Directors around the world are concerned that their firms won’t be able to deliver on ESG goals, said INSEAD recently when releasing results of a survey.
Citing the board’s lack of knowledge, data, and capabilities as the top barrier to providing effective ESG oversight, directors — at roughly 70% — said they are only moderately or not at all effective at integrating ESG into company strategy and governance.
Survey highlights
- Less than half of the directors surveyed —47%— believed their board has sufficient ESG competence and experience to challenge management on ESG plans and exercise board oversight on execution.
- Boards are taking action to address those gaps: the most common approaches to supplementing board knowledge are regular updates from an internal executive with responsibility for ESG (48%) and intermittent updates from external experts (40%).
- When it comes to aligning a company’s long-term business strategy with ESG challenges, 91% of directors said that boards should focus more on improving strategic reflection than on monitoring operations.

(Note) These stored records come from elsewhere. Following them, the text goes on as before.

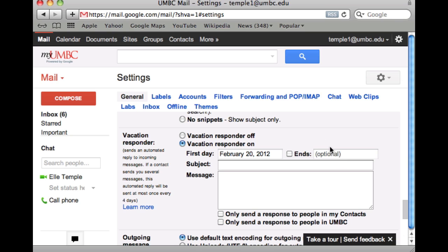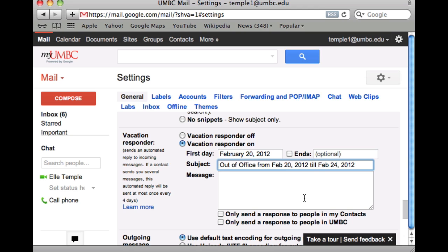You don't have to set an end date — you can turn it off when you get back. Type in your message in the message field. You can also isolate it to only send this auto-response to anybody at UMBC or just anybody in your contact list.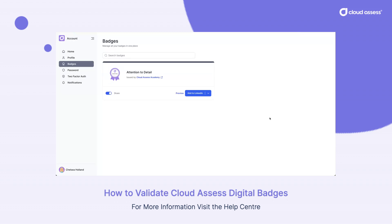Today, I'm going to show you a little bit extra on badges. You might have heard us say that the badges are using the OpenBadges format.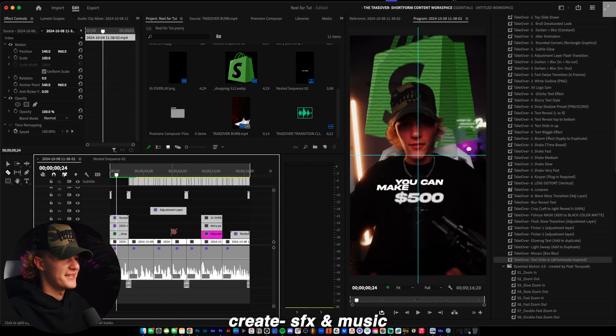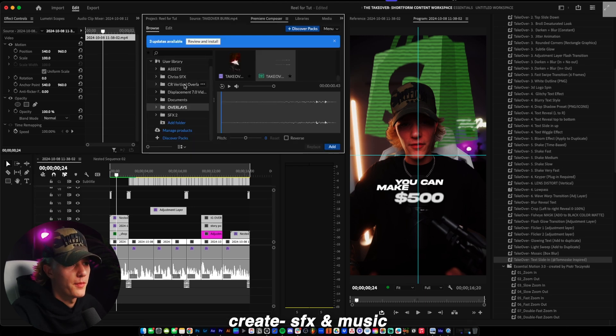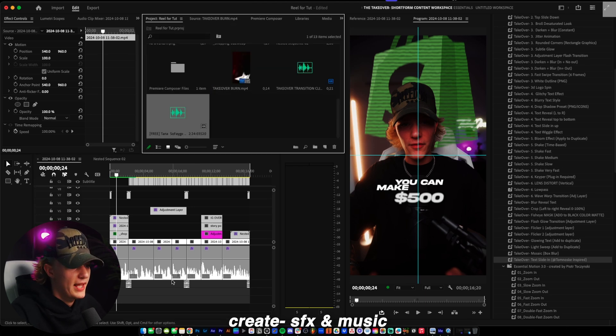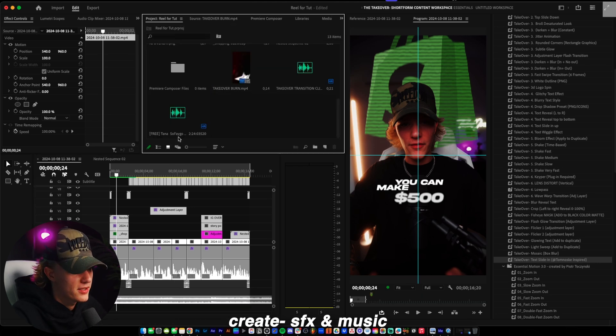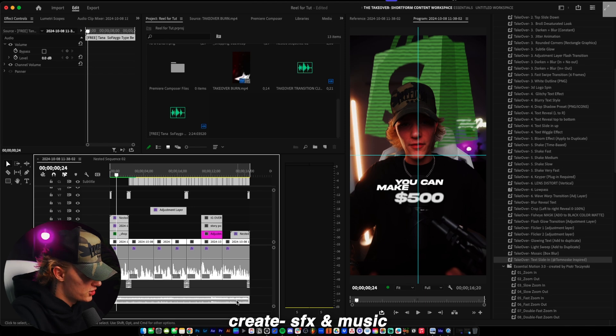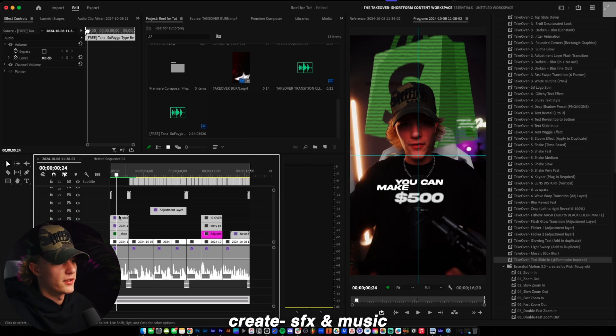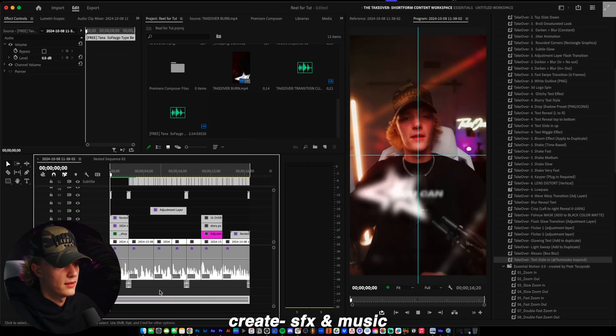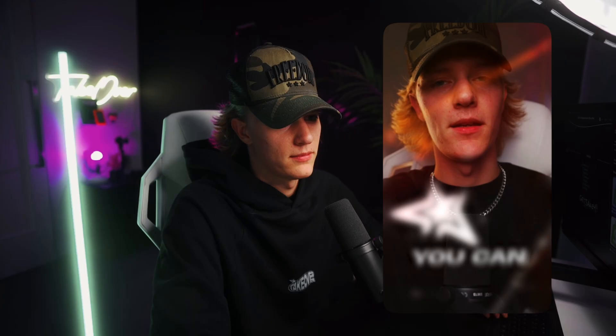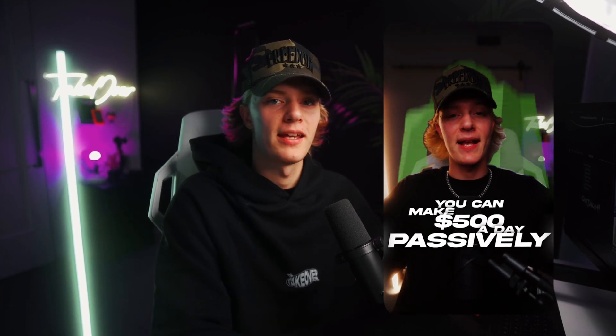All right guys. So now the last step is just adding your background music. Again, I'm going to go to my premiere composer, add my background song, just like so. G for the gain to change the audio and then just negative 30. And there you go. You guys have a certified hood banger classic reel. Pretty fire.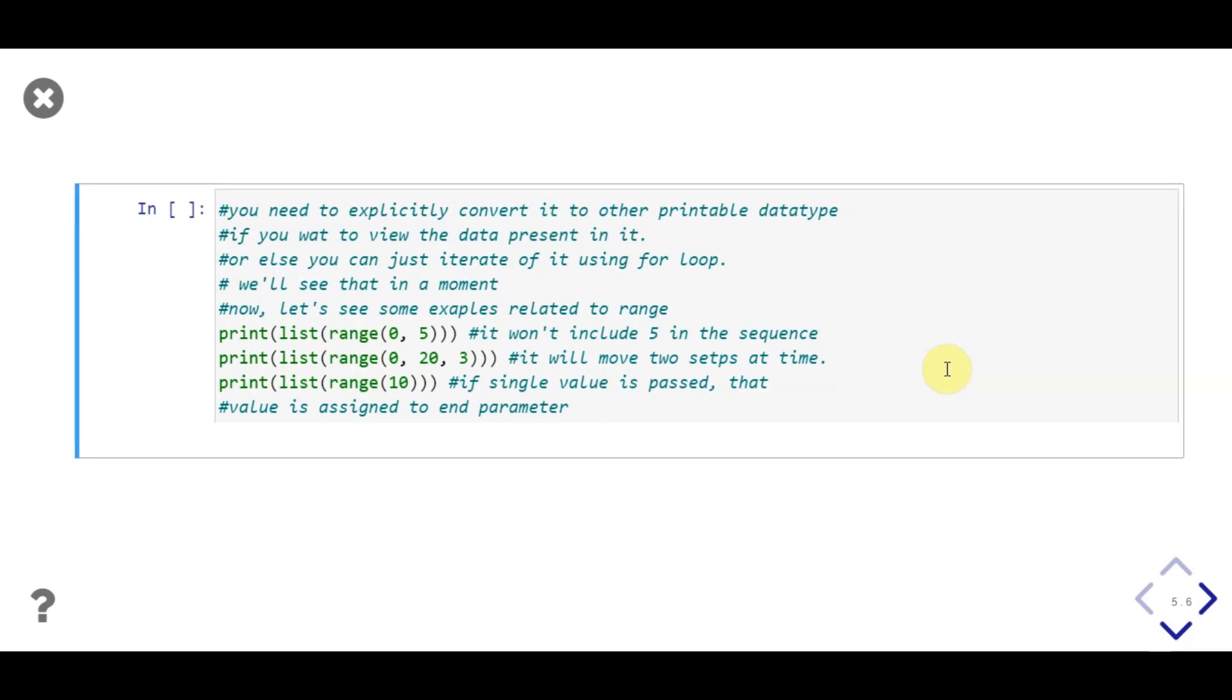Here in first line, we call the range function by passing start and end parameter as 0 and 5. Then, in next line we call the function with start, end, and step parameter values as 0, 20 and 3 respectively. In last line we call range function by passing only 1 value 10. In this case, 10 will be assigned to end parameter, and so start and step parameters will take their default values, that is, 0 and 1 respectively.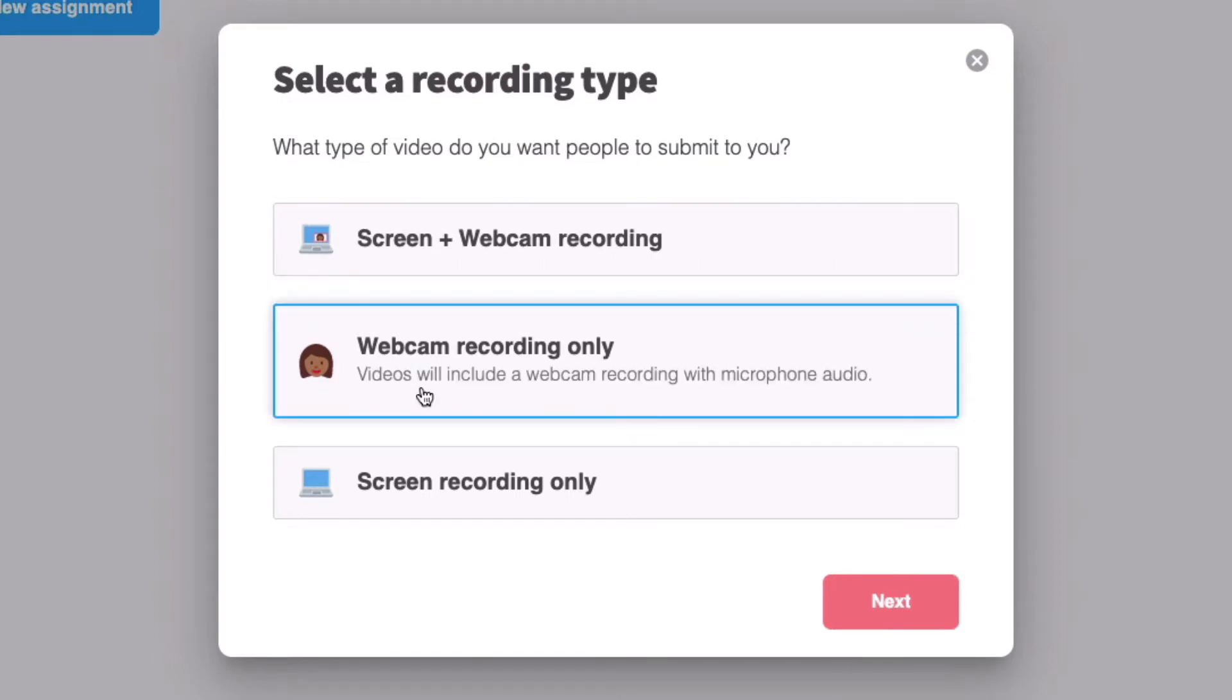You can also have students or anyone else record their webcam. This will capture what's happening on their webcam plus their microphone audio. Another cool thing about webcam recording assignments is that they're compatible with mobile devices. So if you think students might actually be recording on different types of devices, that's the way to go.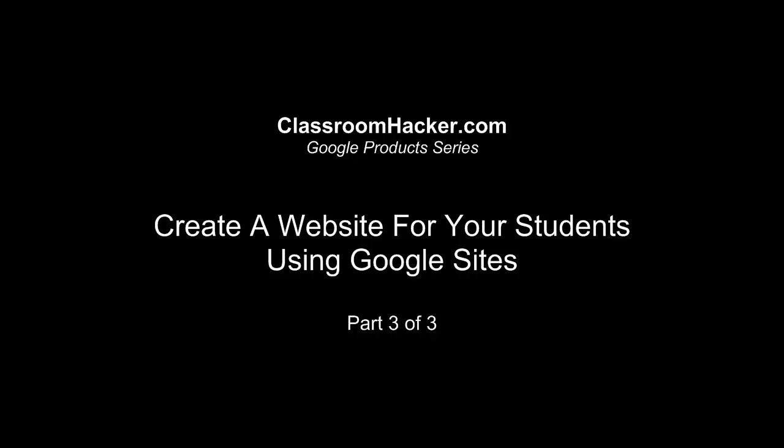Welcome back. This is the last part of creating a website for your students using Google Sites. I apologize for the abruptness, but this is it. Good luck creating the rest of your site.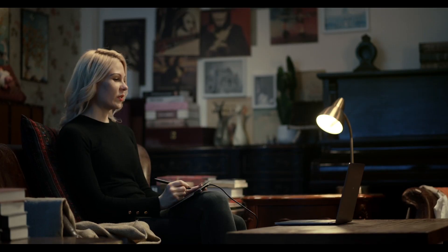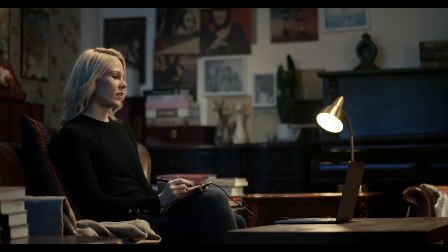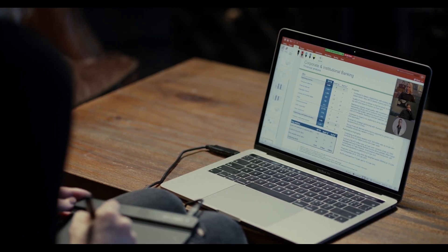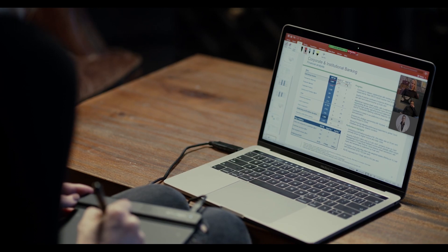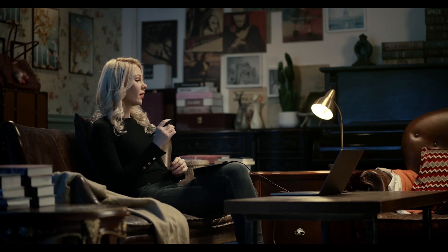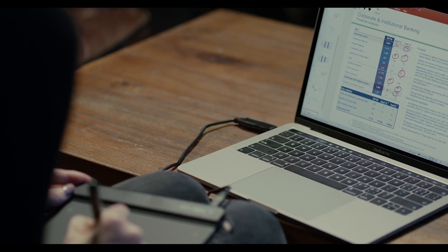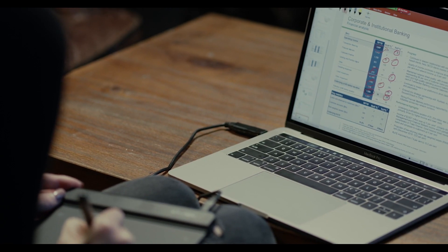We've analyzed the first half reports of the company. We've made good progress both financially and...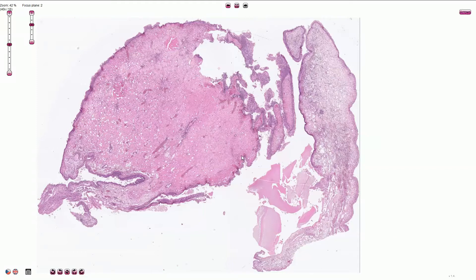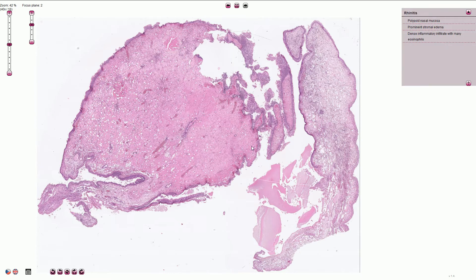Long-term chronic rhinosinusitis can cause nasal polyp development. In this picture we have particles of nasal mucosa which has polypoid features and it is associated with prominent stromal edema and dense inflammatory chronic infiltration.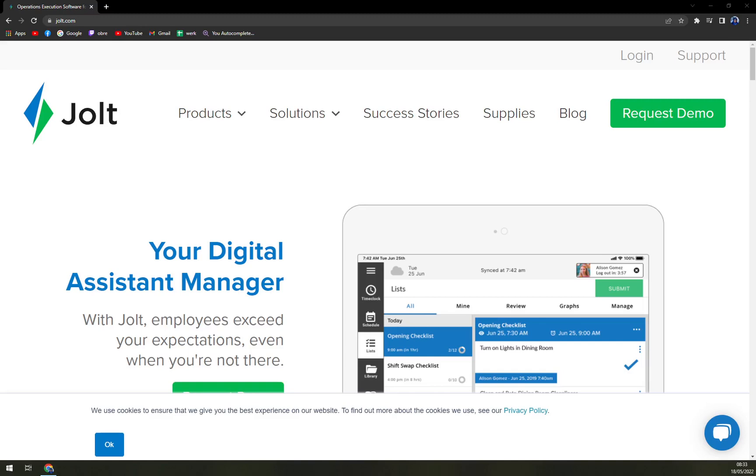Hello guys, my name is Matthew and in today's video we are going to look at Jolt, which is a nice assistant for business needs.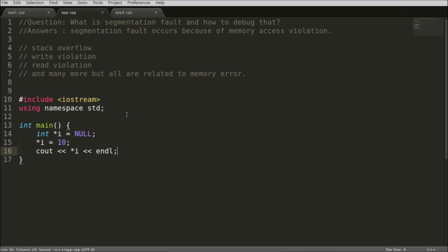Hello friends, welcome to another C++ interview question. The question is what is segmentation fault and how to debug that. So the segmentation fault is nothing but memory related problems, like you are going to access some memory which you are not allowed to access.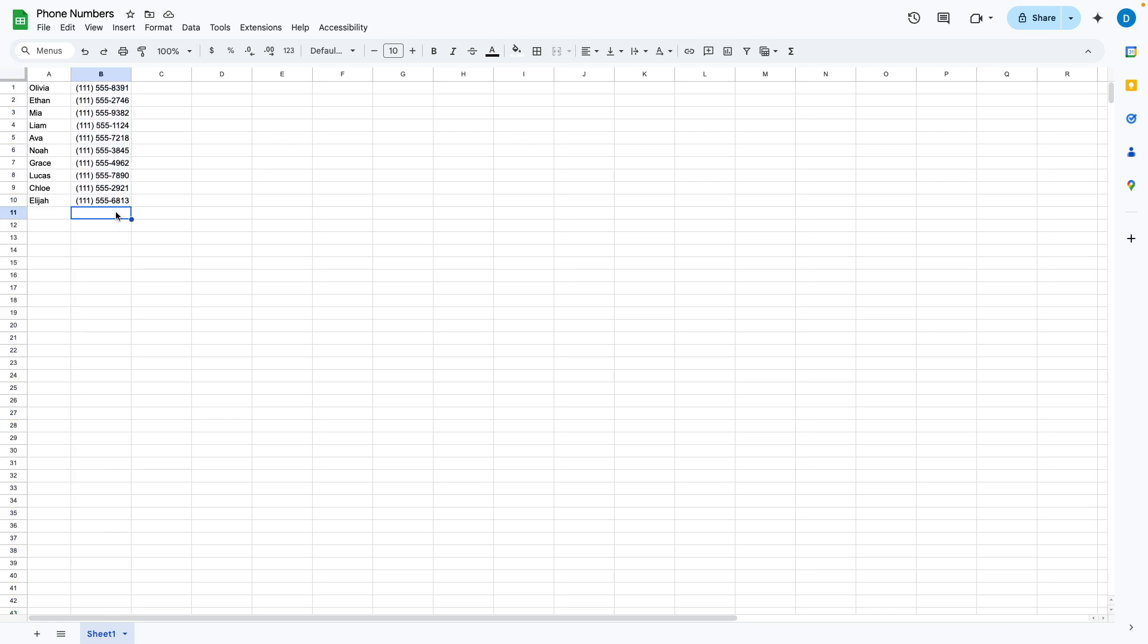So if I want to add another person here, let's just call them Steve, and then I type a phone number and press enter, it's going to be formatted the way that I prefer without me having to type the parentheses and all of that at the same time.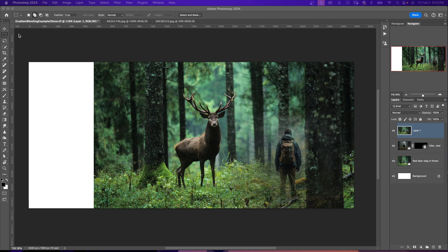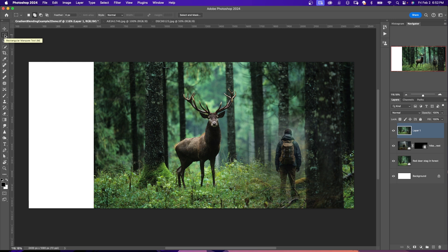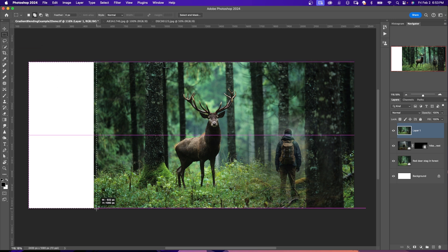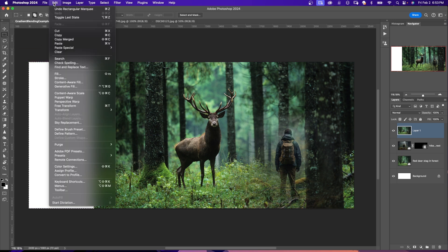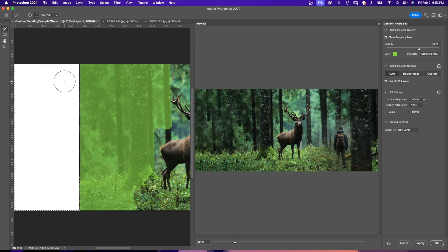I've extended the canvas on this image just to show you how this works. Now I'm going to come up here to the toolbar and go to the rectangular marquee tool and select the area that I want to expand. Now I'm going to go up to the edit menu and select Content-Aware Fill.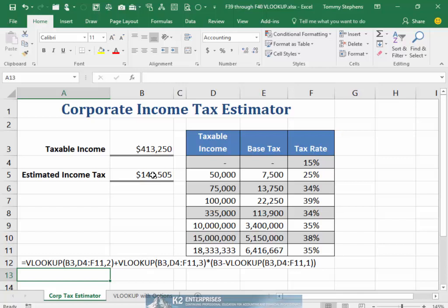Of course, now all users of the workbook can clearly see the formula used to calculate the amount of income tax due. FORMULATEXT makes it quite easy to generate documentation of the formulas in your workbooks. This documentation should lead to improved comprehension of the mechanics inside your workbooks and, in turn, reduced errors in your workbook models.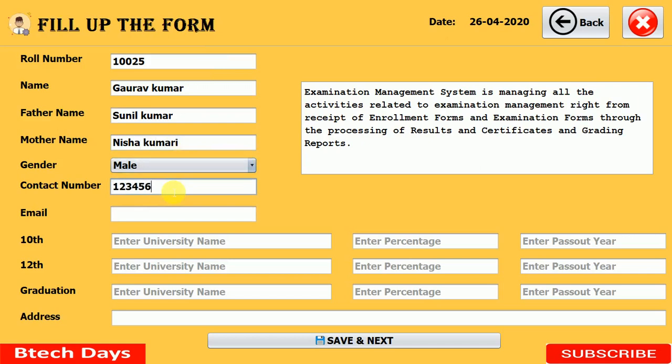After that, select the gender — I'm leaving it as male. Then enter the contact number and email address, filling in all details including gmail.com.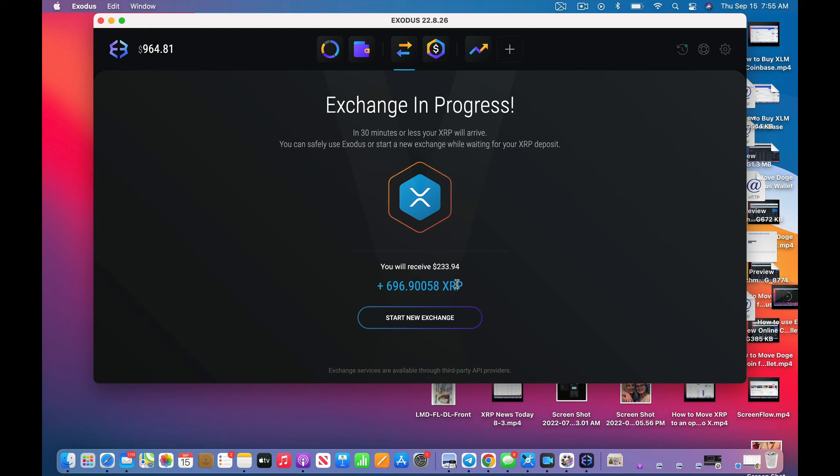See how it says in 30 minutes or less your XRP will arrive. You can safely use Exodus or start a new exchange while waiting for your XRP deposit. I'm not going to do that.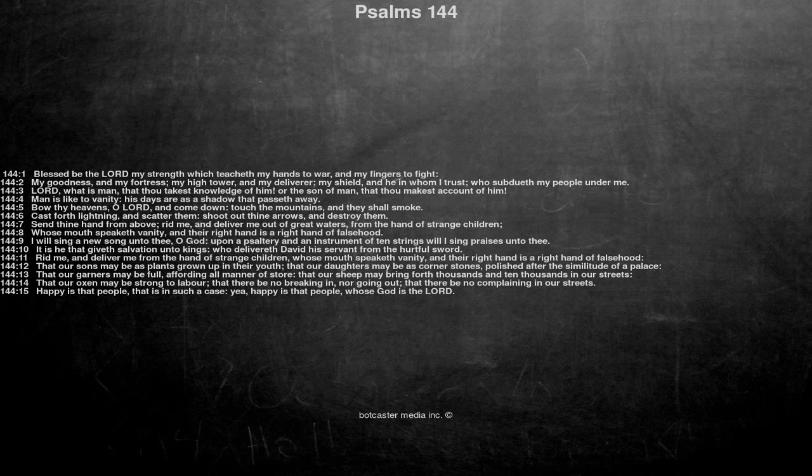That our sons may be as plants grown up in their youth, that our daughters may be as cornerstones, polished after the similitude of a palace.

- Still, less than half of that 91% felt they are effective at driving such strategic reflection.
“When it comes to meeting ESG goals, it is critical for boards to move from a compliance mindset to bringing a true strategic lens to those issues,” said Ron Soonieus, a senior BCG advisor, director in residence at the INSEAD Corporate Governance Centre,“However, many have not yet remade the board agenda to make time for that critical strategic thinking.”
The top ESG issue: Climate
Climate change is among the top three ESG issues in terms of expected financial impact for all eight industries captured in the survey except one (health care) and it holds the number one slot for consumer, industrial goods, energy, and utilities, INSEAD pointed out.
Yet, among companies that have set a net-zero commitment, only 55% of directors reported that their company has prepared and published a plan for hitting that target, survey results indicate..
And an even smaller share —43%— said their company has published financial statements accounting for the implications of climate change, the firm added.